## RECORDED INFORMATION
————————

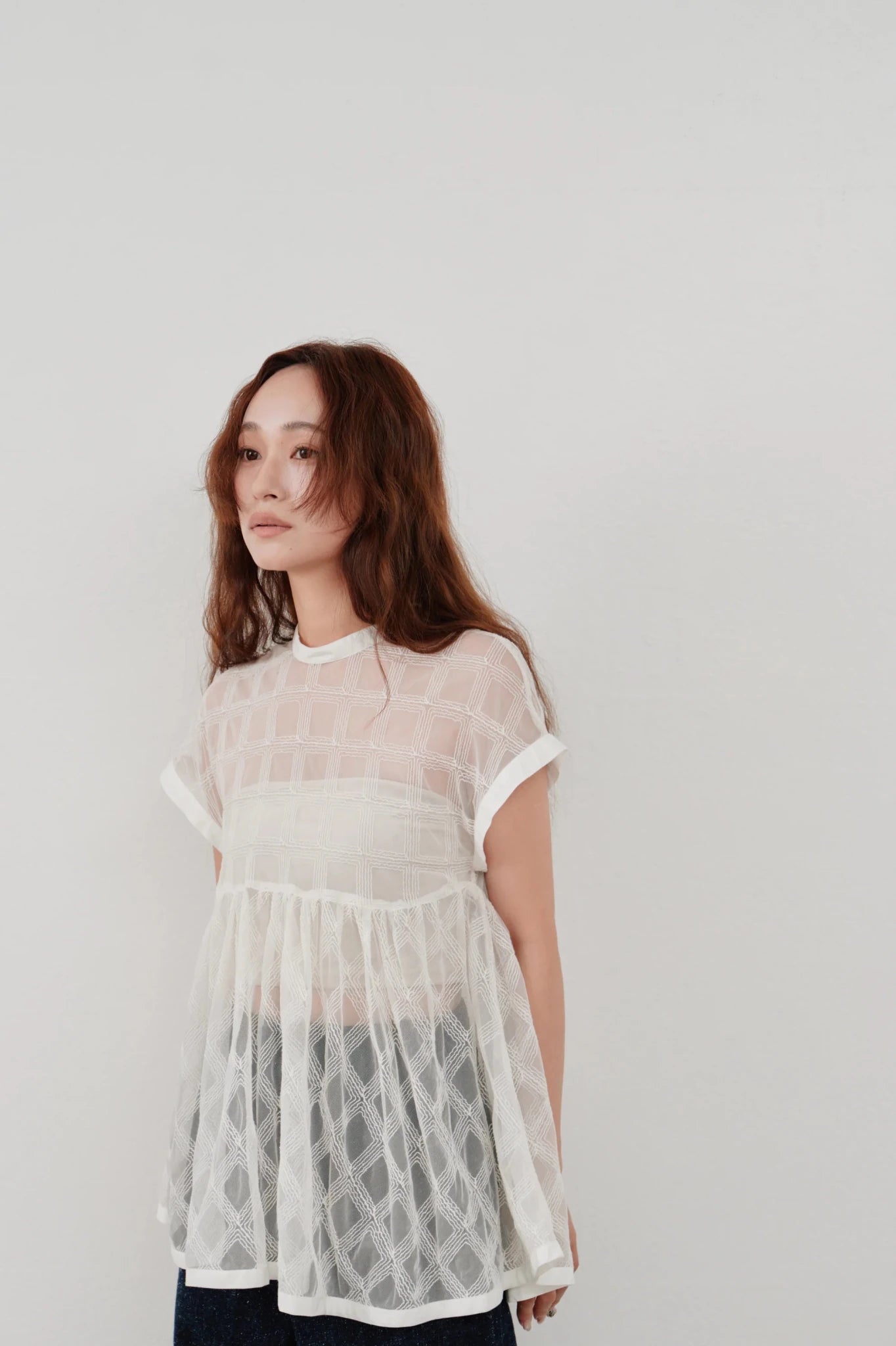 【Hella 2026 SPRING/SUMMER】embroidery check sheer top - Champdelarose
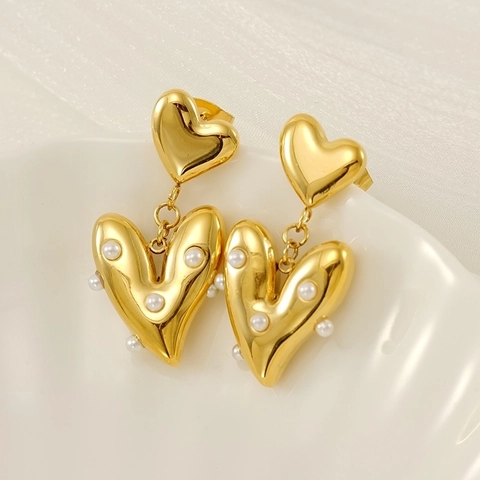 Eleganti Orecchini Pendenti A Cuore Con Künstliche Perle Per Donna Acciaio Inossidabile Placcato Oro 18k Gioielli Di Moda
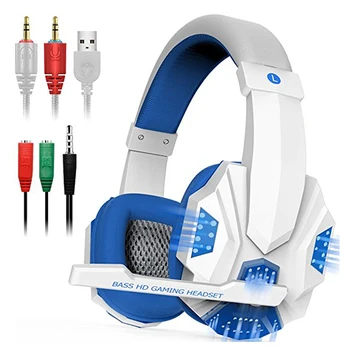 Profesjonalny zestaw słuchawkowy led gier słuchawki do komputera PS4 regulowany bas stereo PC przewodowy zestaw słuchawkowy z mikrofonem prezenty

————————

## PROBLEM REQUIREMENTS
Your reply must match the data above line for line, except that it holds no pictures.

## EXERCISE RESULT
 【Hella 2026 SPRING/SUMMER】embroidery check sheer top - Champdelarose
 Eleganti Orecchini Pendenti A Cuore Con Künstliche Perle Per Donna Acciaio Inossidabile Placcato Oro 18k Gioielli Di Moda
 Profesjonalny zestaw słuchawkowy led gier słuchawki do komputera PS4 regulowany bas stereo PC przewodowy zestaw słuchawkowy z mikrofonem prezenty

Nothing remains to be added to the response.